China Superconducting tokamak fusion device starting Aug 15

Hot fusion may not be the best way to go to solve our energy problems (in terms of cost or timeliness of making a difference). Making solar cheaper and better and creating space based solar power should be better. But with enough breakthroughs advanced fusion power could become very important.

the Institute of Plasma Physics at Hefei, under the Chinese Academy of Sciences (CAS), has successfully completed the first tests of the Experimental Advanced Superconducting Tokamak (EAST) fusion experiment. The final assembly of the device is complete, and it is now undergoing vacuumizing, cooling, and galvanizing experiments. The first plasma discharge is scheduled for august 15.

EAST started overall assembly in 2003, and was developed as an upgrade from HT-7, China’s first superconducting tokamak completed in 1990. The budget for the device was just 300 million yuan ($37 million) — a small fraction of the cost of the multi hundred million dollar price tag of similar devices being developed elsewhere.

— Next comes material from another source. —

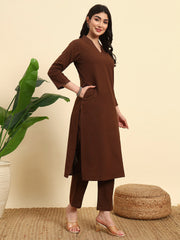 Thread Plus Cotton Flax Kurti Set Of 3 With Kota Doria Dupatta Chocolate Color For Women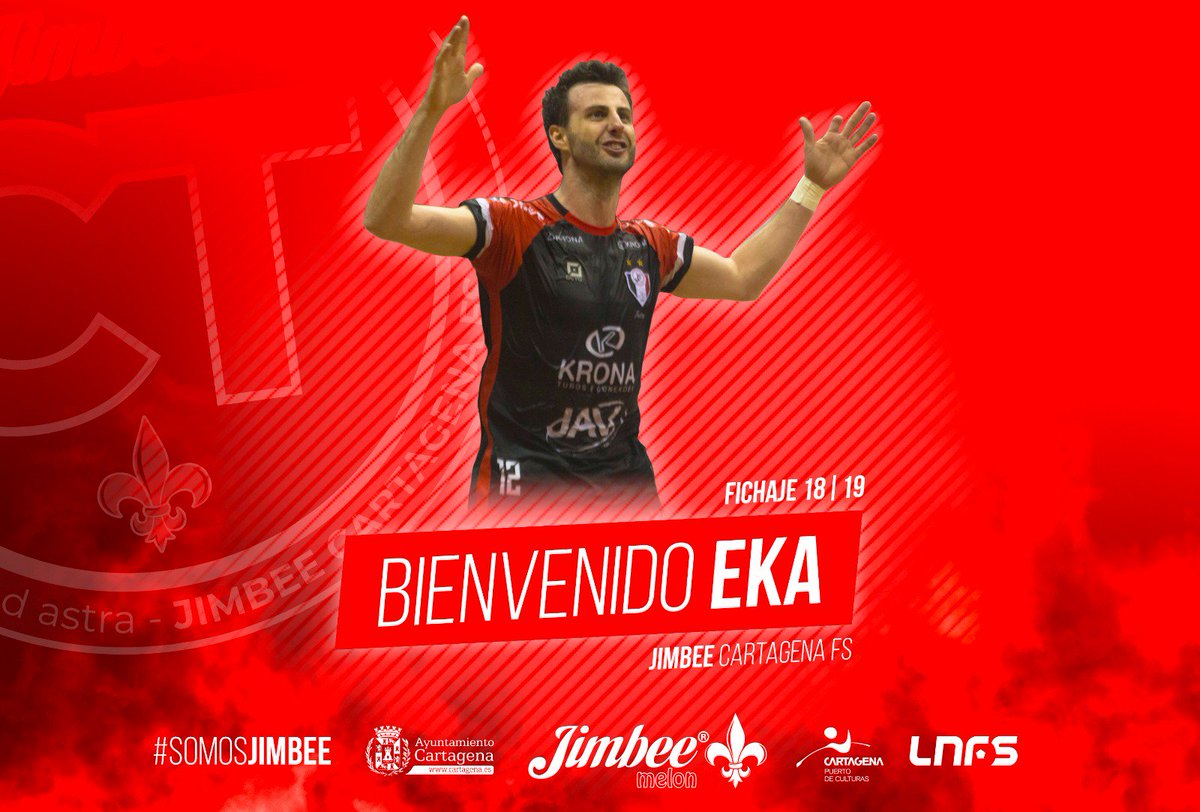 JimbeeCartagena's tweet photo. OFICIAL | El pívot brasileño de 36 años, Edson Marques, conocido deportivamente como "Eka", vestirá la camiseta de Jimbee Cartagena durante las dos próximas temporadas. 
#SomosJimbee @JimbeeMelon https://t.co/ulsECJ7mbx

If the device succeeds, China will become the first country to build and successfully demonstrate a superconducting tokamak fusion device. The goals for EAST include exploring and demonstrating steady-state operation of a tokamak and generating plasma currents of 1MA. With a capability for pulse times as long as 1,000 seconds, the device will also be used to investigate particle and heat flux handling on a time scale much longer than the wall equilibration time.